A recent article in the New York Times, titled “For Email Newsletters, a Death Greatly Exaggerated,” challenged the assertion that email marketing, and email newsletters in particular, are rapidly becoming irrelevant in a marketing landscape dominated by social media. Instead, the article claims that email newsletters “are not only still around, but very much on the march.”
Unlike social media and general Internet searching, which contain overwhelming amounts of information, email newsletters curate and/or summarize the most relevant stories for the target audience, the article says. The article notes, “At a time when lots of news and information is whizzing by online, email newsletters — some free, some not — help us figure out what’s worth paying attention to.”
Because readers choose to subscribe to certain email newsletters based on their interests, newsletters serve as a platform that offers tailored content in an easy-to-read list form. Email newsletters can consist of a list of summaries and links to news sources, or may contain original articles, videos, and other content. The article states, “An email newsletter generally shows up in your inbox because you asked for it and it includes links to content you have deemed relevant. In other words, it’s important content you want in list form, which seems like a suddenly modern approach.”
The targeted (and modern) approach of email newsletters leads to many subscriptions and a high open rate.
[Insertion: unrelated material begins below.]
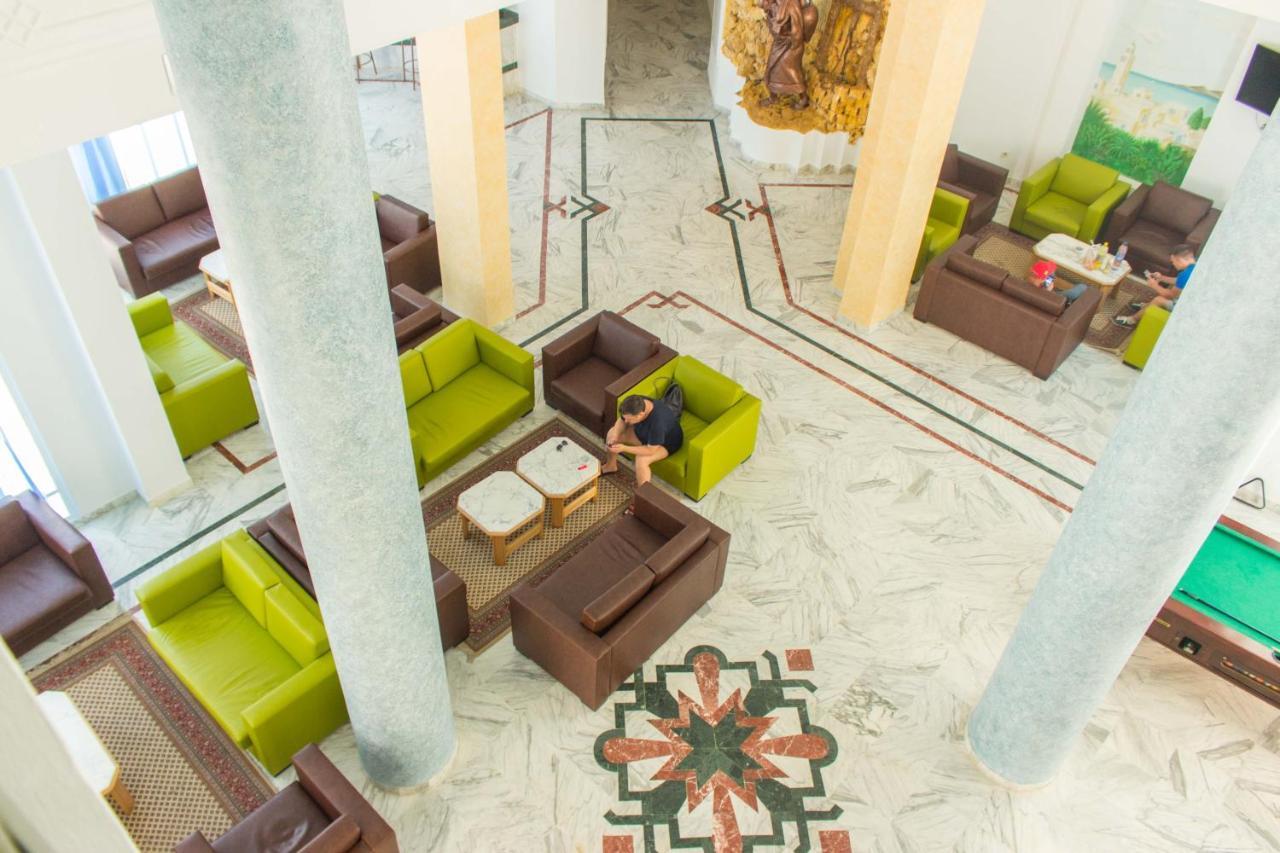 Hotel Dreams Beach Hammam Susa Zewnętrze zdjęcie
For instance, the article says that Quartz sends its daily email to 75,000 subscribers, and about half of the recipients open it. In addition, MailChimp is sending over 400 million business-to-consumer emails and email newsletters every day, and is growing at a rate of more than 10,000 users a day.
“Legitimate organizations who care about their customers know email marketing is far from dead – in fact it’s the lifeblood of their customer relationship management (CRM) programs,” says Karen Talavera, President Synchronicity Marketing and a DMA email marketing instructor. “Consumers enjoy the savings, exclusivity and empowered shopping experiences email delivers, while business people thrive on content, education and reminders pushed straight to their inboxes – information they otherwise wouldn’t have time to track down.
“Commercial email is far more ‘trusted steed’ than the cockroach mentioned in this article, and it is high time we give it its due as the under-appreciated, often taken-for-granted workshorse of marketing,” she says.
The article acknowledged that the use of email may be declining in certain demographics, such as young people, but a Quartz study indicated that email newsletters were the most popular news source for executives. Specifically, 60% of global executives read an email newsletter as one of their first three news sources they check daily, outperforming the Internet and mobile apps.
Email newsletters are not dead, but have evolved according to consumer demand. With targeted content, subscription service, and user-friendly formatting, email newsletters remain important to marketers, news outlets, and most of all, consumers.